## Information supplied
#####
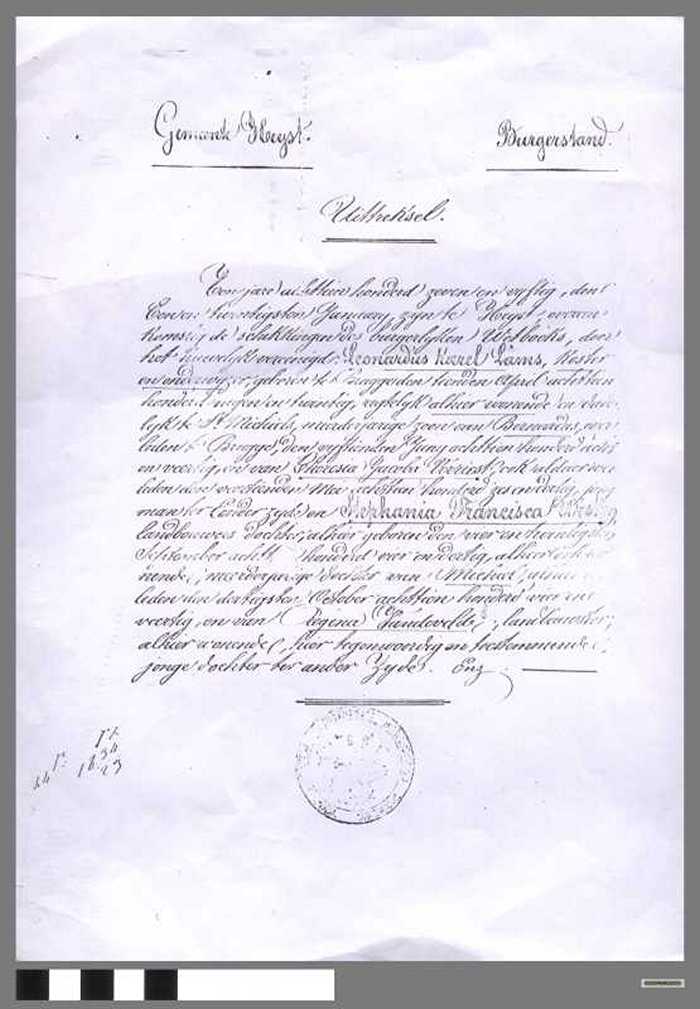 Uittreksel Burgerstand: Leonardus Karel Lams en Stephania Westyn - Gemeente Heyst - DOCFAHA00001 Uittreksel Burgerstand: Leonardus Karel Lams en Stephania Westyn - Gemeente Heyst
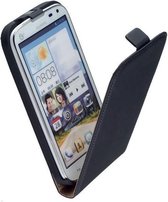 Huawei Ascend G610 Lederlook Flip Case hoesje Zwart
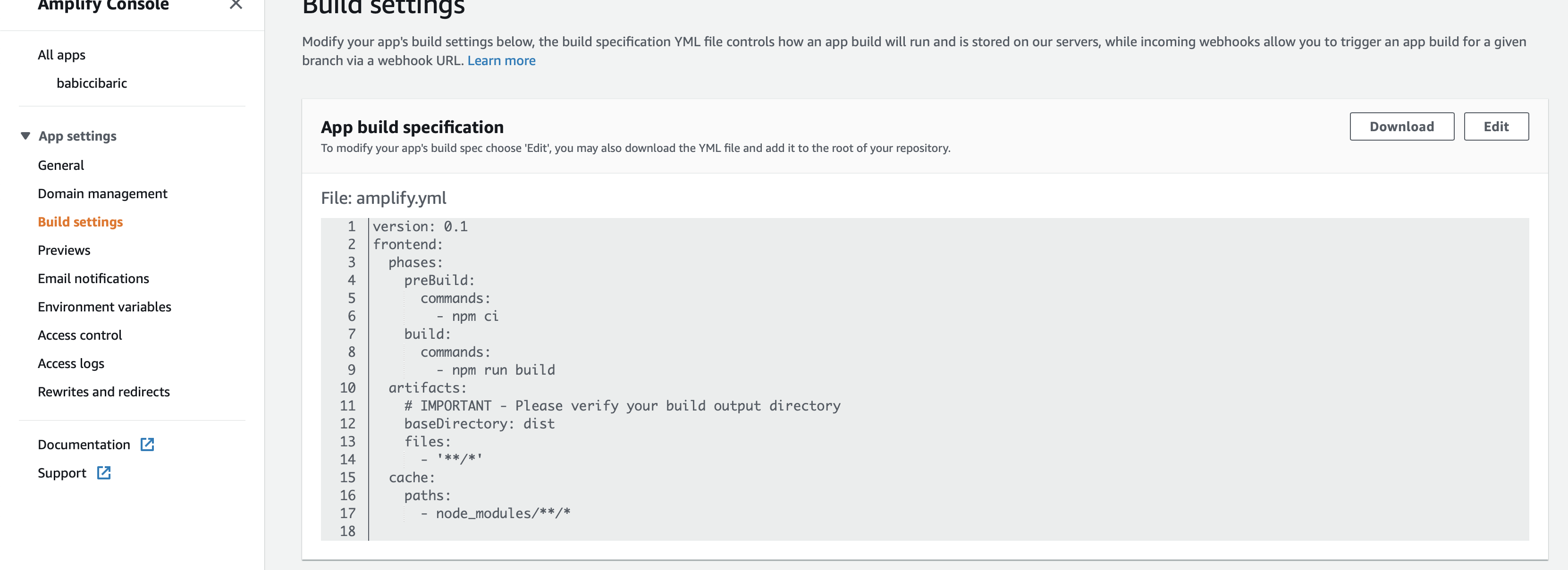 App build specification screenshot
#####
## What to produce
Write out the full listing verbatim, excluding its pictures.

## Output for this exercise
 Uittreksel Burgerstand: Leonardus Karel Lams en Stephania Westyn - Gemeente Heyst - DOCFAHA00001 Uittreksel Burgerstand: Leonardus Karel Lams en Stephania Westyn - Gemeente Heyst
 Huawei Ascend G610 Lederlook Flip Case hoesje Zwart
 App build specification screenshot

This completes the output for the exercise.